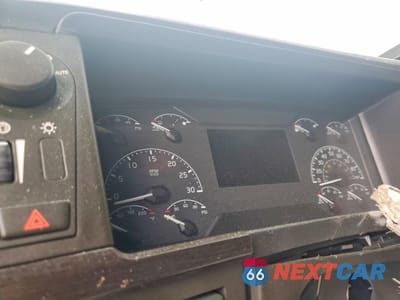 Zdjęcie 8 z 10 samochodu: 2025 VOLVO VNL SEMI TRUCK VIN:4V4NC9EH4SN691625 - miniatura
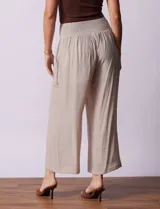 Pantalón palazzo de gasa bambula color beige, marca Nanette. Tiene pretina ancha con elástico en la parte trasera, pierna ancha y short interno.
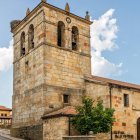 La Iglesia de San Esteban Protomártir es uno de los emblemas patrimoniales de Navaleno, un pueblo donde historia y naturaleza conviven entre piedras centenarias y pinares llenos de vida.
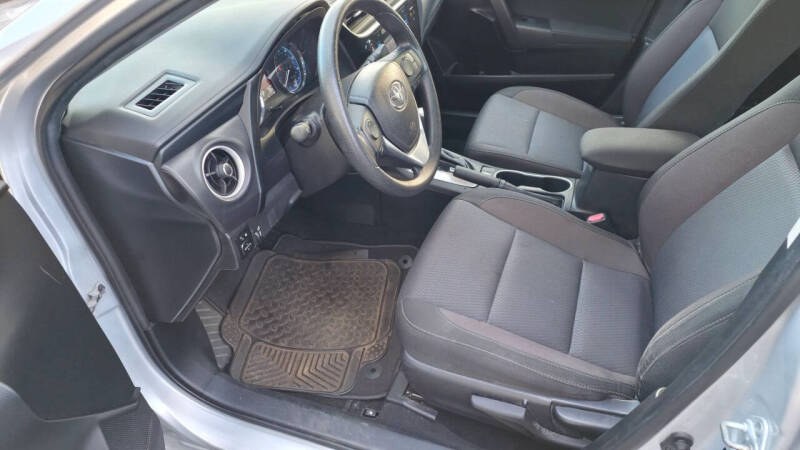 2017 Toyota Corolla LE - Photo 10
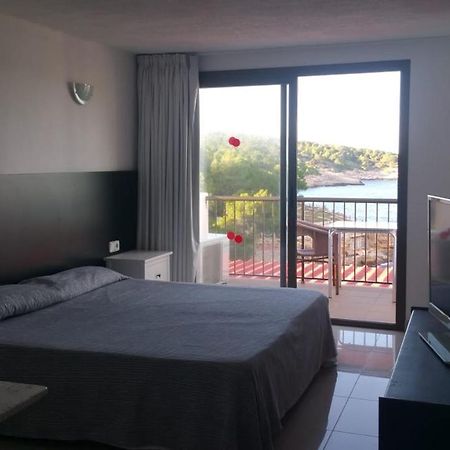 Es Grop Apartments Portinatx Luaran gambar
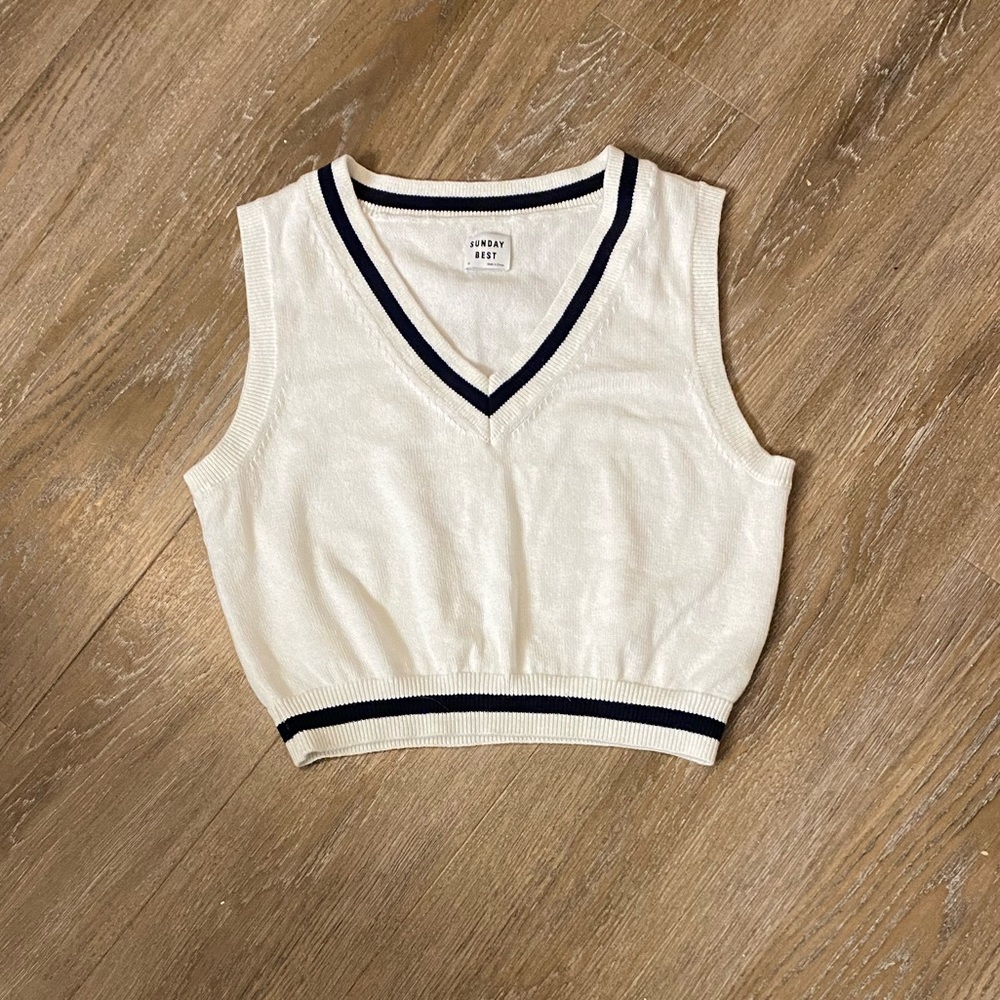 Aritzia Cream Knit V-Neck Cropped Sweater Vest with Navy Trim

+--

Task description |
Your copy should hold all the data word for word. It should hold no pictures.

Result of the task |
 Zdjęcie 8 z 10 samochodu: 2025 VOLVO VNL SEMI TRUCK VIN:4V4NC9EH4SN691625 - miniatura
 Pantalón palazzo de gasa bambula color beige, marca Nanette. Tiene pretina ancha con elástico en la parte trasera, pierna ancha y short interno.
 La Iglesia de San Esteban Protomártir es uno de los emblemas patrimoniales de Navaleno, un pueblo donde historia y naturaleza conviven entre piedras centenarias y pinares llenos de vida.
 2017 Toyota Corolla LE - Photo 10
 Es Grop Apartments Portinatx Luaran gambar
 Aritzia Cream Knit V-Neck Cropped Sweater Vest with Navy Trim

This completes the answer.